そのほかにも、女性にとって理不尽だらけの会社だった。入社した際、男性社員は女性の新入社員の顔に点数をつけていた。男性上司の容姿の好みによって女性社員の配属が決まった。毎年の忘年会では、若い女性社員は男性管理職のお酌を強要させられた。バレンタインのチョコも強要された。「俺とやらせてくれれば、気持ちよくさせてやる」などの発言を受けた同期もいた。
私は新卒でその会社に入った。女性が働きやすい会社と聞いていた。プライムの大手企業で、たしかに産休・育休・時短・テレワーク、勤務時間中の中抜け制度などは一通りそろっていたが、コンプライアンス方面はてんでダメだったようだ。製造業だったので女性が少ない会社で、優しくはしていただいたが、所詮は男性が作ったレールの上を歩かされている感覚が強かった。
「女性は家事・育児があって大変だよね。家事・育児と仕事を両立できるように制度は整えたよ。でも、男性社員の性的欲求は抑えられなさそう。うち、事なかれ主義だし。ごめんね!」
そんな声が聞こえてくるようだった。
性別に限らず、カテゴリーが同じような人が集まると、人はそのカテゴリーにとってバイアスのかかった、有利なシステムを作り出す。まさにそれを具現化したような企業だった。わいせつ行為は、男性の管理職の指揮のもと、もみ消されていたものもあるようだった。
この理不尽と、戦おうと思った。私は間違ったことを言ってないし、最後は正義が勝つはず。社内でもみ消すなら、社外の相談窓口とか、労働基準監督署に駆け込むとかして、社外を巻き込めばいい。法律も味方してくれるはずだ。そう思っていた。
でも、やはり無理だった。勇気が出なかった。私のされたことが社内で広まって、そういう目で男性社員から見られたら?変な噂を広められたら?とてもじゃないが、耐えられない。その企業から離れるという選択肢をとった。
私は立ち向かえなかった。私のように立ち向かえなかった女性は多いだろう。でも、日本で立ち向かった、女性に勇気を与えた方々をたくさん知っている。伊藤詩織さん、安田菜津紀さん、最近であれば元フジテレビアナウンサーの渡邊渚さんや青木歌音さん。彼女たちの勇気は、いかほどのものだったのだろう。私の、社内で告発するかどうかのレベルではない。彼女たちは、ジェンダーギャップ118位の日本に対して、社会に対して自身の被害を公表し、数々の目にさらされるリスクも負いながら悪と立ち向かった。その恐怖は、そして勇気は、とてもじゃないが私の言葉では言い表せない。彼女たちには類まれのない強さを感じる。自分だけの復讐ではなく、世の中を浄化し、正しい方向に導くための、まっすぐできれいな何にも負けない強さを感じるのだ。

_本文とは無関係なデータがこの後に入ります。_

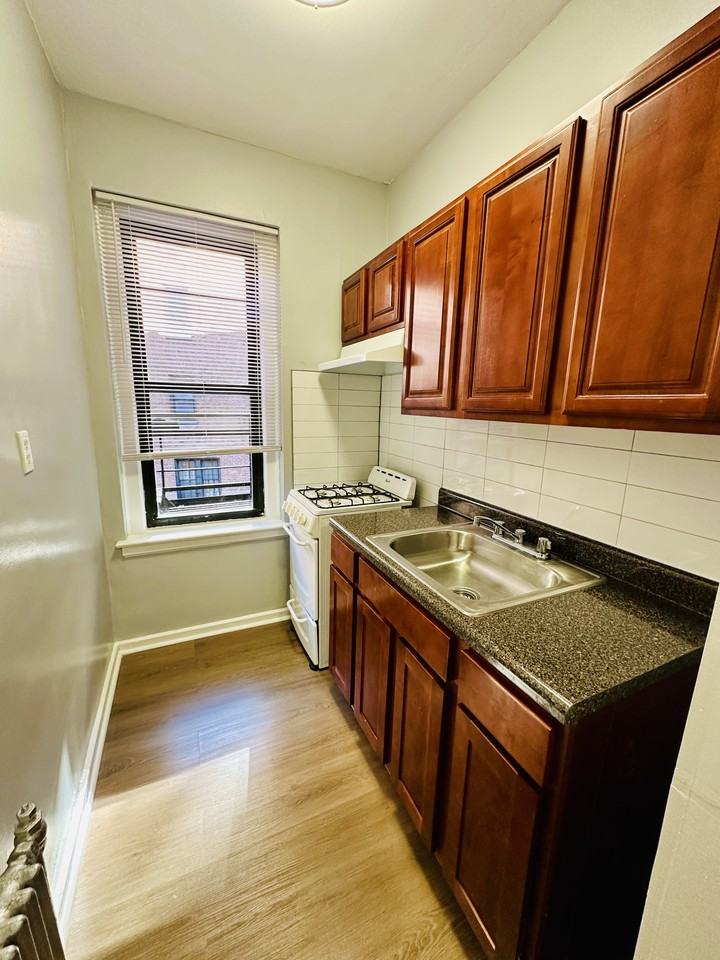 33 South Munn Avenue #1F - Photo 7 of 15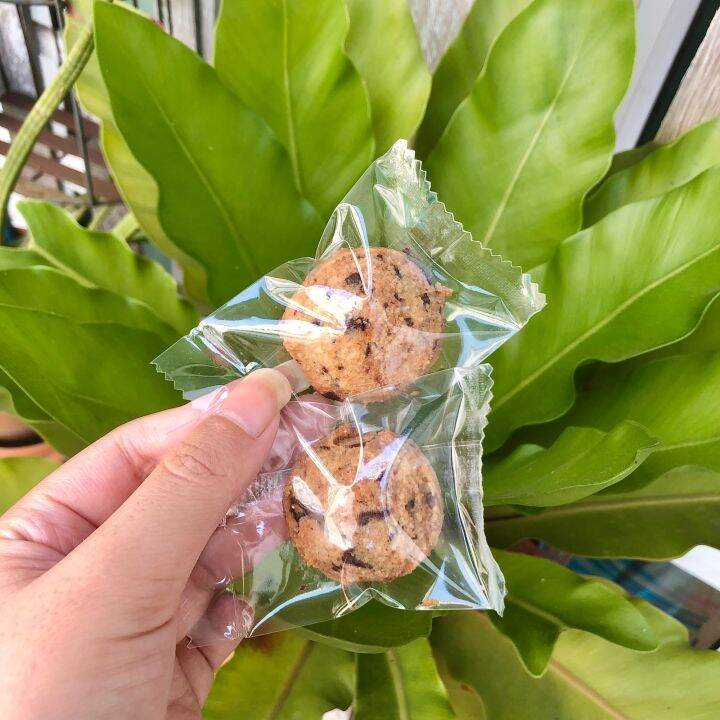 คุกกี้นิ่มคีโต-keto-soft-chocolate-chips-cookies-คุกกี้คีโตรสออริจินอลผสมดาร์กช็อกโกแลตชิพเข้มข้น-85-ใช้น้ำตาลหล่อฮังก๊วย-หวานน้อย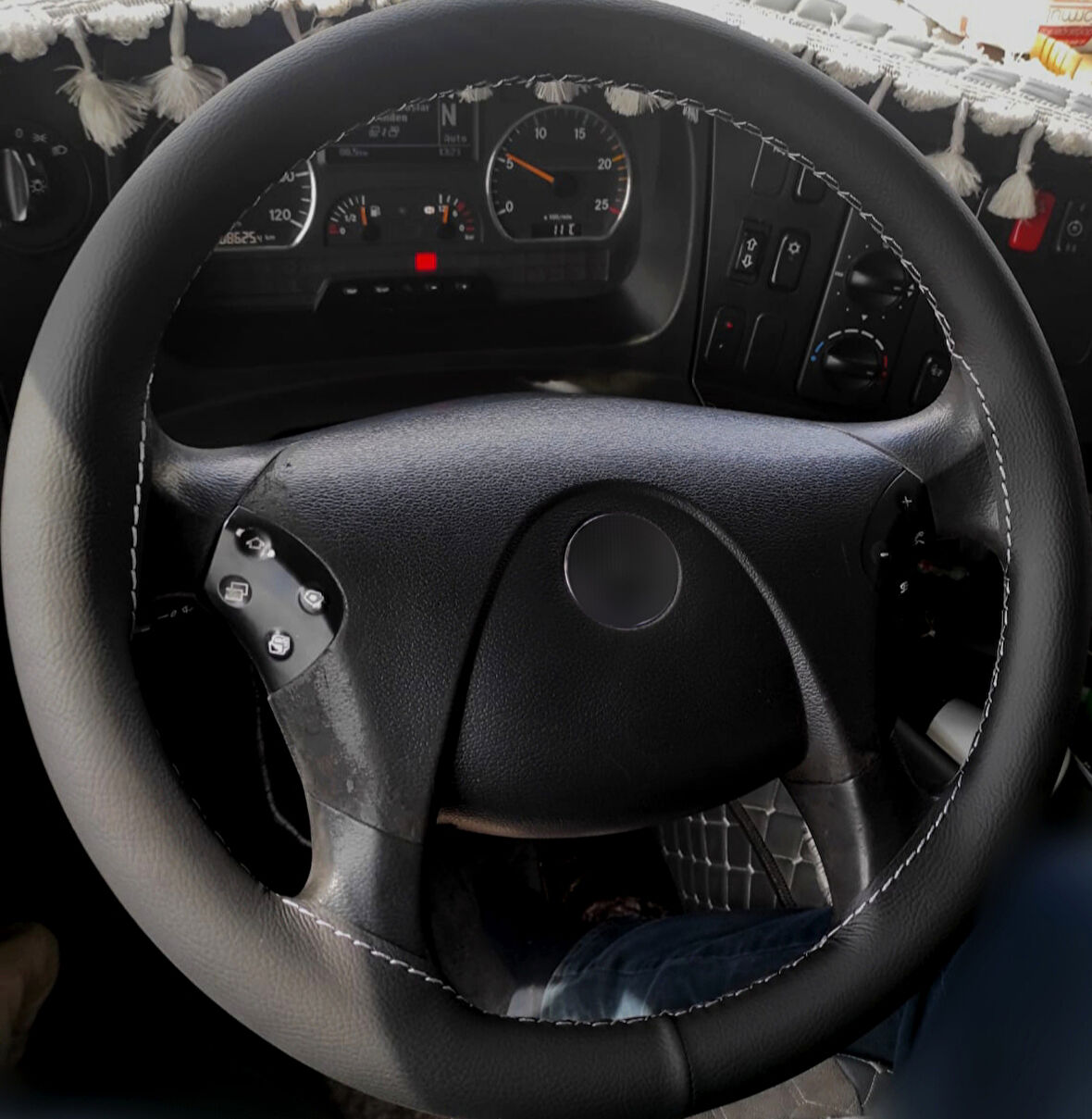 DİKİŞLİ DİREKSİYON KILIFI SİYAH DERİ GRİ DİKİŞLİ MERCEDES AXOR 1840 İÇİN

そして、彼女たちほどではないが、私だって強い。私はことが起こってから、求人票を読み込み、転職市場で求められているスキル・経験を確認し、仕事に打ち込み、コンプライアンス意識が高い、有名な大企業に転職した。私は戦えなかったが、逃げるための術を身に着け、自分が輝ける場所を追い求めた。それだって、強さだと言えるし、私は私を誇りに思っている。私の強さを大事にしながら、私はこれからも生きていく。